Do We Have To Send You Back To The Daily Show Again?
Here's Jim Cramer building and knocking down a straw man on one of NBC's multi-platform products this morning:
I think it was a naive and misleading thing to attack the media. We weren’t behind this. CNBC, in particular, has been out front on this. … I think there are people who bear so much more responsibility [than the media] that it’s just wrong-headed: the politicians, the regulators, the SEC, the lenders, the investment banks. … It’s just a naive focus, it really is Meredith.
I like the part where Cramer says he was taking "the high road" on the interview, to Jon Stewart's face, while calling him naive when he won't be faced with a rebuttal. Quite a man.
What is misleading and fallacious is the notion that Stewart believes the media are solely responsible for the meltdown. He's a media critic, making the media his focus. But of course, everyone understands the failure of regulators and the greed of executives. That would be, um, not the point of the critique, which is that CNBC has abdicated their responsibility to the viewer to make any sense of the meltdown. And Cramer brushes aside his admission of guilt from when, um, HE was one of those traders on the other side engaging in illegal activity.
On the Monday show, The Daily Show ran a segment about short selling.
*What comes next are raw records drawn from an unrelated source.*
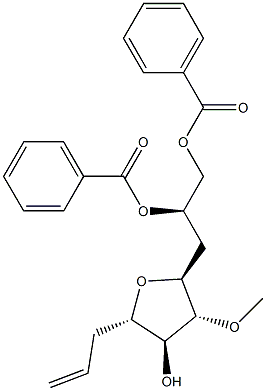 (S)-3-((2R,3R,4S,5S)-5-allyl-4-hydroxy-3-methoxytetrahydrofuran-2-yl)propane-1,2-diyl dibenzoate Structure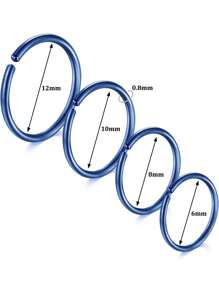 AVYRING 4Pcs Nose Rings Hoops Stainless Steel Earrings Piercing Hoops Jewelry For Men Women,Nose Rings Hoops Snug 22G 20G 18G 16G Stainless Steel Nose Septum Tragus Earring Lip Nostril Piercing Jewelry For Women Men,Diameter 6/8/10/12mm - Multicolor - View 7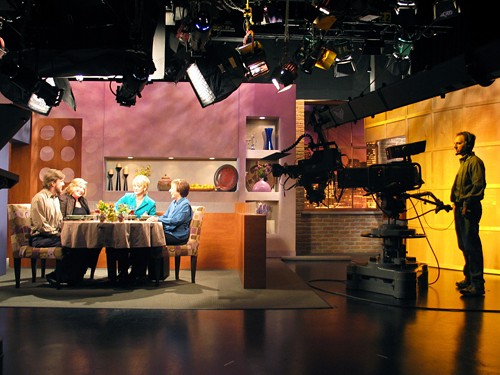 Taping Check, Please! Bay Area at KQED TV studio. Photo by Wendy Goodfriend.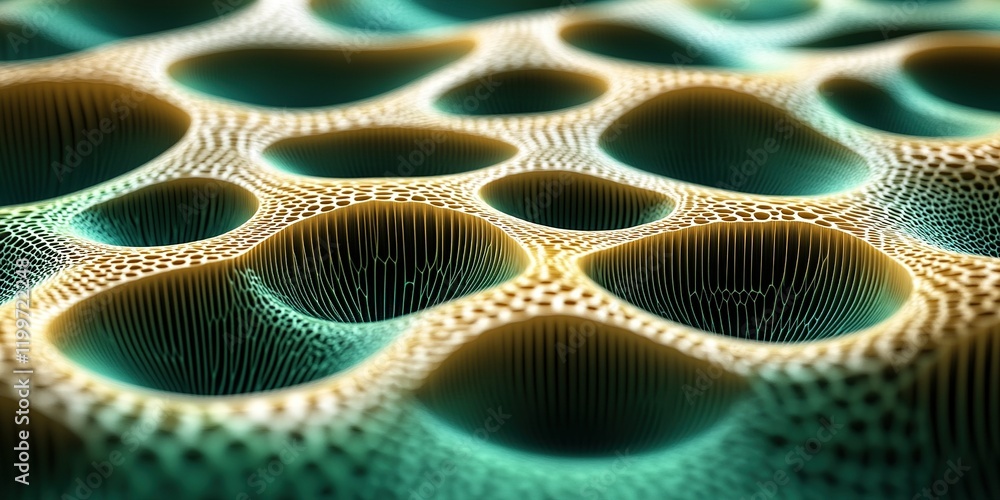 Poster intricate patterns of a microscopic cellular structure showcasing organic forms and textures in vibr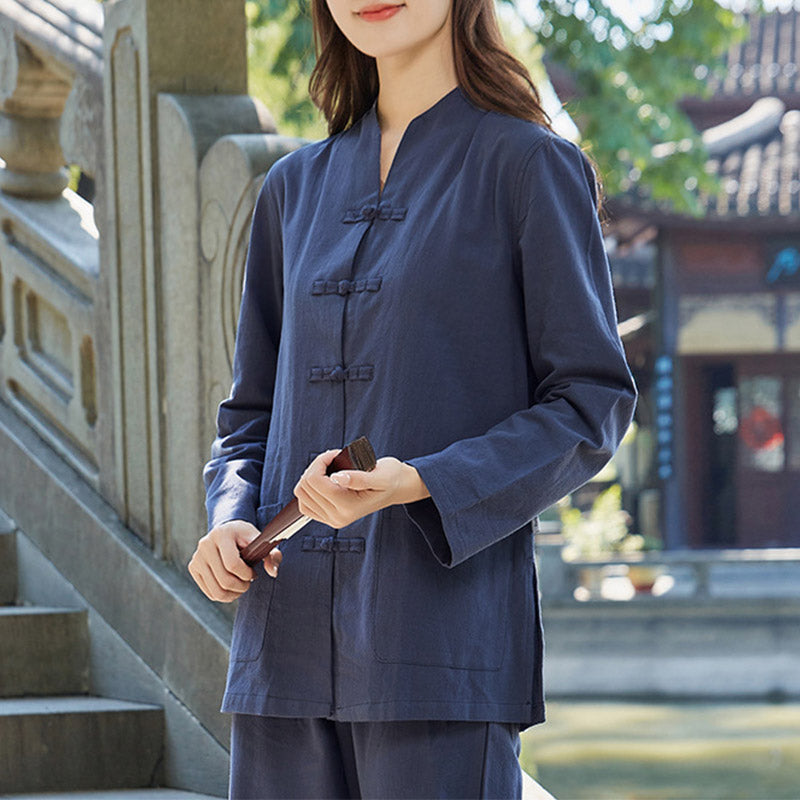 Ensemble de vêtements pour femme Foviel en coton et lin pour la pratique spirituelle, le zen, le yoga, la méditation et la prière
That was meant to run right before Cramer's appearance (he alludes to it, but they cut it when the interview went over). The segment focused on the actual traders involved in this. It actually featured Deep Capture creator Patrick Byrne, the CEO of Overstock.com. So to say that Stewart is monomaniacally focused on the media's culpability is just wrong, and Cramer knows it.
Meanwhile, Tucker Carlson is concern trolling. Congrats, Tuckie, you got your name mentioned on the show!